Cerpen Jemmy Piran (Koran Tempo, 16-17 Februari 2019)

Pemanggil Kematian ilustrasi Munzir Fadly/Koran Tempo
Sejak awal saya sudah tahu, ia bukan manusia biasa. Ia pasti datang dari suatu tempat yang, barangkali, haus akan darah. Dugaan awal saya, ia pasti jelmaan dari seekor gurita. Saya sering mendapati matanya menatap saya, seakan-akan ingin mengatakan, saya pantas mendapat hukuman. Keyakinan saya kian bertambah manakala, suatu hari, ia menatap saya sambil merapalkan sesuatu. Seperti doa, tapi saya tidak terlalu yakin sebab ritmenya lebih cepat dari doa yang sering didaraskan selama ini. Bibirnya terlihat komat-kamit, dan tidak lama setelah itu saya melihat lingkaran matanya berubah memipih, horizontal. Seperti mata seekor gurita.

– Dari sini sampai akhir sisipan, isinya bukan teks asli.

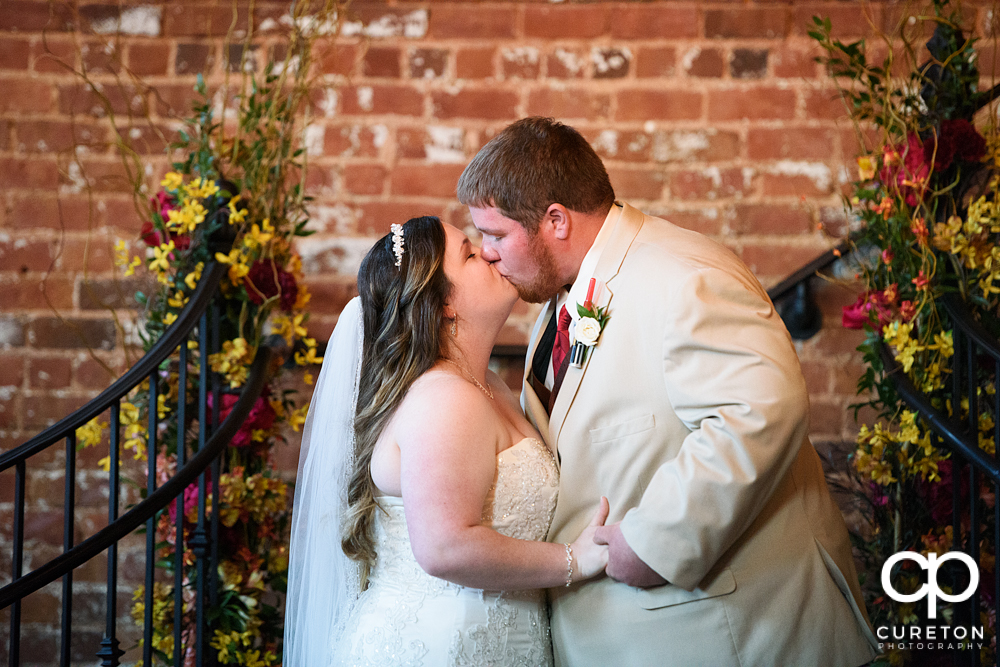 Bride and groom first kiss.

Lagi pula, setiap kegiatan kampung, ia menarik diri dan berusaha menjauh dari keramaian. Sikapnya tidak jauh berbeda dengan sifat soliter seekor gurita, penyendiri. Sebab kelalaian kami atas harapan-harapannya, kini, ia mengikat saya di sini entah sampai kapan.
Suatu hari ia datang ke kampung kami ketika warga dilanda putus asa. Ketika itu, laut masih saja bergelora, ombak tanpa henti mengirimkan amarahnya ke pantai. Tidak seorang warga berani turun ke laut. Nyali kami sebagai pelaut ulung menciut bersama datang dan perginya ombak yang mendebum. Padahal nenek moyang kami adalah pelaut-pelaut yang tidak pernah mengenal musim. Tidak takut pada kematian. Buntung dan puntung itu hal biasa, sebab laut adalah lahan utama, tempat di mana setiap tetes keringat menjadi bulir-bulir padi.

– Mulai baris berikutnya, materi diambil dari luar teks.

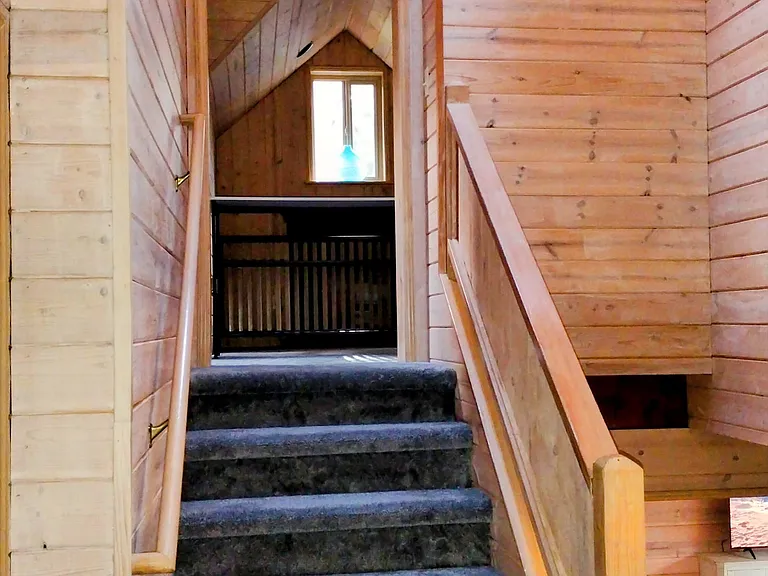 Pine lined walls and ceilings add to the comfort and quietness of this home.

Ia datang dengan semangat membara. Kepada kami, ia memperkenalkan diri sebagai seorang yang peduli pada laut. Katanya lebih lanjut, ia berasal dari kota dan ingin tinggal di kampung kami, mengajarkan kepada kami bagaimana menangkap ikan yang baik dan menjaga laut agar tetap berlimpah. Ia peduli bahkan katanya berulang-ulang bahwa ia sangat mencintai laut. Hidupnya ingin ia abdikan sepenuhnya kepada laut.

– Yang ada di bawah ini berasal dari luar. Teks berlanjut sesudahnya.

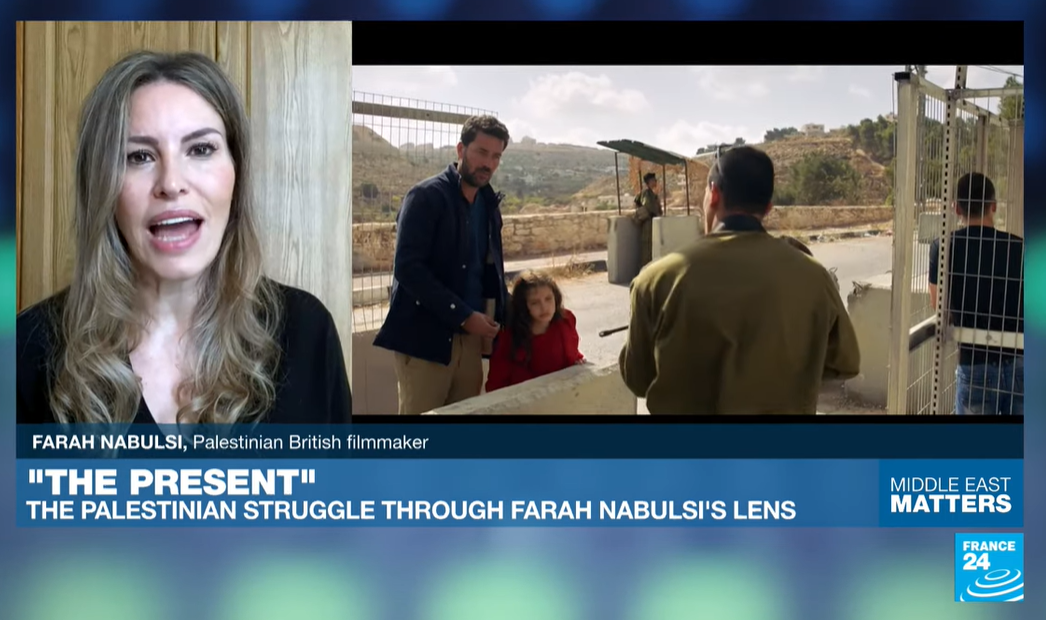 soldier cocks rifle and points in direction of Yusef and his daughter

Mulanya kami menganggap perkataannya hanya sebagai lelucon sebab ia perempuan. Bagaimana seorang perempuan bisa berhadapan dengan tangguh dan ganasnya laut. Kami para lelaki hanya menggeleng dan para wanita mencibir. Tapi, setelah perkataannya terbukti pada hari ketiga, kami terbungkam dan lebih jauh, kagum. Seperti katanya, begitu pagi merekah, laut begitu tenang, tiada riak sama sekali. Saat matahari mengintip pada tubir bukit di seberang pulau, ikan-ikan naik ke permukaan. Laut membuih bertanda ikan mengambang di permukaan. Pada hari itu, kami semua berlomba-lomba menangkap ikan.